また、出張で不在のコーマン事務総長の名代として、武内事務次長が代表部を訪れ、お悔やみの御言葉を記して下さいました。武内次長からは、コーマン事務総長からの弔意と連帯の表明がありました。
安倍元総理は、OECDとの関係においても、多大なる御功績を残されました。
特に、安倍元総理の在任中の2014年、日本は1978年以来2度目となる閣僚理事会の議長国を務めました。安倍元総理は,同年5月の閣僚理事会に出席、リーマンショックと欧州債務危機をうけて経済の強靭化を模索する各国を前に、日本の震災復興の姿を示し、OECDを勇気づけました。安倍元総理が力強く推進した「アベノミクス」、すなわち、大胆な金融緩和、機動的な財政政策、民間投資を喚起する成長戦略の「三本の矢」からなる経済政策は、各国の閣僚や事務局から大きな賛同を受けました。
この閣僚理事会で、OECDの東南アジア地域への協力を深める「東南アジア地域プログラム(SEARP)」を立ち上げたのも安倍元総理です。SEARPは今も発展を続け、将来の東南アジア諸国の加盟も見据え、東南アジア諸国のOECDのルールやスタンダードへの参加や国内改革を促しています。
安倍元総理は、G20といった国際枠組みにおいても,OECDとの関わりを深化させました。国際課税の取組(税源浸食と利益移転(BEPS)プロジェクト)や「質の高いインフラ投資に関するG20原則」のフォローアップ、信頼性のある自由なデータ流通(DFFT)に関する協力は、その具体例です。

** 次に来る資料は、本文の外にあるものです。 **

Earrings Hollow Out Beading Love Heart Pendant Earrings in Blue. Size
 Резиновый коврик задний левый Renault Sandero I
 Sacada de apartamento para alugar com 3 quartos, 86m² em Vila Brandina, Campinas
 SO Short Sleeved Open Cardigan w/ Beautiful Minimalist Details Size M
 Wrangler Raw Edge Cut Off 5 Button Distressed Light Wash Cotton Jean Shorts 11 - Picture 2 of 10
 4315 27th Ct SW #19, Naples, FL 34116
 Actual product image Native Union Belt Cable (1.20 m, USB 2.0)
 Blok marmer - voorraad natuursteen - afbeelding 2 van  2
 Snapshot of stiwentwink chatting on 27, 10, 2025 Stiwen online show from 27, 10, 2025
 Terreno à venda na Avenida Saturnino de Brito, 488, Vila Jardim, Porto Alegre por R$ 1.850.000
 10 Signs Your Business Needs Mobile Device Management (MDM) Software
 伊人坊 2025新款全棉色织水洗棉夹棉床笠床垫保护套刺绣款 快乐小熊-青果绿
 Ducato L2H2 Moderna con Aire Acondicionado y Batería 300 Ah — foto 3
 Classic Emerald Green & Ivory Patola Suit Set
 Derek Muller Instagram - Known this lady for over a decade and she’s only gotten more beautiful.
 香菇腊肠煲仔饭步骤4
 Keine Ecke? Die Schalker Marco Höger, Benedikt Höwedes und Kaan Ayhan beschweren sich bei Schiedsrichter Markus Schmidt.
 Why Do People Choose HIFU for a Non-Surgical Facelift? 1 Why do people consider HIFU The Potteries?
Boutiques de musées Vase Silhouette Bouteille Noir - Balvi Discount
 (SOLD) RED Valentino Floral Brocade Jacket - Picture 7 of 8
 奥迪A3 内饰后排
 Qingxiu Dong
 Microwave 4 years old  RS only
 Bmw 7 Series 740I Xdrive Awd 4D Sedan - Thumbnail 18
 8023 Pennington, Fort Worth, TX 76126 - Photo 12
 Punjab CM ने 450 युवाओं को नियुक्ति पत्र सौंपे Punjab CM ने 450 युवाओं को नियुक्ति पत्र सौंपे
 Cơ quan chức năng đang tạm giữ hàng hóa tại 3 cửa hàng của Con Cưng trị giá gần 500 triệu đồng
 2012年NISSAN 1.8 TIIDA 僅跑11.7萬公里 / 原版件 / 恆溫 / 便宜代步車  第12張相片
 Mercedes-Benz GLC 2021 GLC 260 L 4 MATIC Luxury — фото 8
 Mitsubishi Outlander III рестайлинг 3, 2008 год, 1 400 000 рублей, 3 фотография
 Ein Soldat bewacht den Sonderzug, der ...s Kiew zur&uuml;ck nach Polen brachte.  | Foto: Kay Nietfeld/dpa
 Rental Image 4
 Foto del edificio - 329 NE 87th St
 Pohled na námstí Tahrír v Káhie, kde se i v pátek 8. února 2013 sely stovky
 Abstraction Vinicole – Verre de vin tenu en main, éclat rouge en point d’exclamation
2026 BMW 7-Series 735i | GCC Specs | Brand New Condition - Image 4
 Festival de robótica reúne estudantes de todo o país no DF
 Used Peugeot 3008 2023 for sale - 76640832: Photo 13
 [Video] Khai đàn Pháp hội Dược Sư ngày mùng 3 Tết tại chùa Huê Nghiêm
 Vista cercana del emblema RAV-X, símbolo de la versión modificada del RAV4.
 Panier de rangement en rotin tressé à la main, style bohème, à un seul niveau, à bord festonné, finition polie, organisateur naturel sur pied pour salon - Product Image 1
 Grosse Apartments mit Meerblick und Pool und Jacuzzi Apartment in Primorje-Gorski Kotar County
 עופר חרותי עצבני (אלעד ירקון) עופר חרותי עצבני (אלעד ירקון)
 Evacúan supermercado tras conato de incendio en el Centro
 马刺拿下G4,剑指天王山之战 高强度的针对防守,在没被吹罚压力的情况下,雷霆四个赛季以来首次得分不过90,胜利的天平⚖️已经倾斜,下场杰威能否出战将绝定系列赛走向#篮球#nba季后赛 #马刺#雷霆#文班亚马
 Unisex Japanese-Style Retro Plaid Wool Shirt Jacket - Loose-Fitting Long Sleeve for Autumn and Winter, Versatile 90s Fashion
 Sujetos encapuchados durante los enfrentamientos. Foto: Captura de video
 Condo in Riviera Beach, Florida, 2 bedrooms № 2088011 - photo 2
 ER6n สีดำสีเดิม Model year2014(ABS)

このような数々の足跡を振り返るとき、失われた存在がいかに大きいのかを痛切に感じざるを得ません。
「OECDには、公正な競争ルールを世界にあまねく広げていく使命がある。」
「世界はきっと変えられる。このラ・ミュエット城は、これからも、この確信を世界中に与えていってくれる場所であることでしょう。日本もまた、その中で大きなリーダーシップを発揮してまいります。」
これらの言葉は、2014年5月、OECD閣僚理事会において、安倍元総理御自身が基調演説の中で述べられたものです。今の混迷した世界情勢の中で、OECDが果たすべき役割を考えるとき、この安倍元総理の言葉は進むべき方向をすでに予言していたと感じます。私は、日本のOECD大使として、安倍元総理のOECDへの期待に応えるためのOECD外交を進めていかなければならない、と改めて心に誓います。
安倍元総理に心からの哀悼の意を表し、御冥福をお祈り申し上げます。